I've been planning to write this post since Google App Engine firstly announced a billing system for App Engine. Meanwhile, I thought it would have been more useful to show some problems to the system hoping that the team will reconsider some of the quotas and the way the billing system is supposed to work.

The Google App Engine platform has been offered since the beginning under specific CPU, space and API quotas. Leaving aside the tons of applications that have been deployed on App Engine for playing or testing purposes or just for the coolness factor, I strongly believe that others have evaluated the alternatives and have picked up the platform to develop true applications and while doing so they have considered the original limitations/quotas.

Later on Google has previewed what would become during February the billing system. And I don't think this was a surprise to anyone (in fact I would have expected to see the tons of open bugs fixed or at least explained before seeing a billing system, but this is probably just how I see things).

CPU time, defined as

The total processing time for handling requests, including time spent running the app and performing datastore operations. This does not include time spent waiting for other services, such as waiting for a URL fetch to return or the image service to transform an image.

is part of the billing system. As you can notice right from the definition it includes internal API time. Basically, this means that you'll have to pay for something you have no control of (a very simple parallel to other pay-per-use services would be Amazon asking you to pay for their sporadic hardware replacements).

GAppEngineDataStoreTimeout.png

See note 1

Meanwhile, the Google App Engine forums were (and still are) full of reports of the internal infrastructure misbehavior and this having a clear impact on the applications' reported performance. I should also mention that there were cases when the Google monitoring tools were not even catching themselves the issues, not to mention that the team is failing to provide any real feedback about these problems.
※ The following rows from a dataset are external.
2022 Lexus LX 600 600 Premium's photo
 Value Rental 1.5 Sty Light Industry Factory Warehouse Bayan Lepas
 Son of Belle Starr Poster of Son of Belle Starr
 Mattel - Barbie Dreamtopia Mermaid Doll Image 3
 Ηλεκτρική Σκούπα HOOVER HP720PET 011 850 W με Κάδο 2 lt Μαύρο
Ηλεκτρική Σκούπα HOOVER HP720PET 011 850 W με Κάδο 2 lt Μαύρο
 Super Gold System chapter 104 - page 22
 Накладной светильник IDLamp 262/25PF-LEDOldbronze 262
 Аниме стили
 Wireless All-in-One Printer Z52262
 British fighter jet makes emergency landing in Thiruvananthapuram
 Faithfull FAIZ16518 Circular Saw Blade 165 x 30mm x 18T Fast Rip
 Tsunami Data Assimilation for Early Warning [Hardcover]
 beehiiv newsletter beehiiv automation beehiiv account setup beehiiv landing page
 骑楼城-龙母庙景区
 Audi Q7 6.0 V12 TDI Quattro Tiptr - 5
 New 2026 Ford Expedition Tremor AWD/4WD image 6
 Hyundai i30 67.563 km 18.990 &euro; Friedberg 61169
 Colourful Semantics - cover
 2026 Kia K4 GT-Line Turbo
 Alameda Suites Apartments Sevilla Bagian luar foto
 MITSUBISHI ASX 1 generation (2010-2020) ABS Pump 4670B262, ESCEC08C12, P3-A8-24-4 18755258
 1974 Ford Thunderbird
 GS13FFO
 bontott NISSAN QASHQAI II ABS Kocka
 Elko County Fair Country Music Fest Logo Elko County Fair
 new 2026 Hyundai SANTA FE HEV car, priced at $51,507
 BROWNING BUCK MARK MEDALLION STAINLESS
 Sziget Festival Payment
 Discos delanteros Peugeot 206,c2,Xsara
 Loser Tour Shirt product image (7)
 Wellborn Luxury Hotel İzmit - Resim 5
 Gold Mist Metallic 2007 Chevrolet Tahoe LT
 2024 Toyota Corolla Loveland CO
Last but not least, Google App Engine is also reducing the CPU time original quota based on so called resource usage statistics for a recent 7-day period. But they fail to mention if the average was computed based on active apps only or using all the test applications that cannot be deleted or how recent these statistics are considering I've seen the same number mentioned couple of months ago.

Summarizing, I think billing for CPU time is wrong and I am suggesting the Google App Engine team to reconsider it because:

  • the terms are not well defined [2]
  • it is not clear how they are measured
  • there have been repeated problems on the platform and these are impacting the CPU analytics
  • it includes framework API internal calls CPU usage and this is not under developers' control
  • framework API calls are already billable separately

[1] The picture shows a datastore timeout error for an extremely basic 15 record fetch operation (log record from Jun.7th)

[2] While the cpu_time metric is defined on the Quotas page, the logs are including other CPU related metrics which are not clearly defined.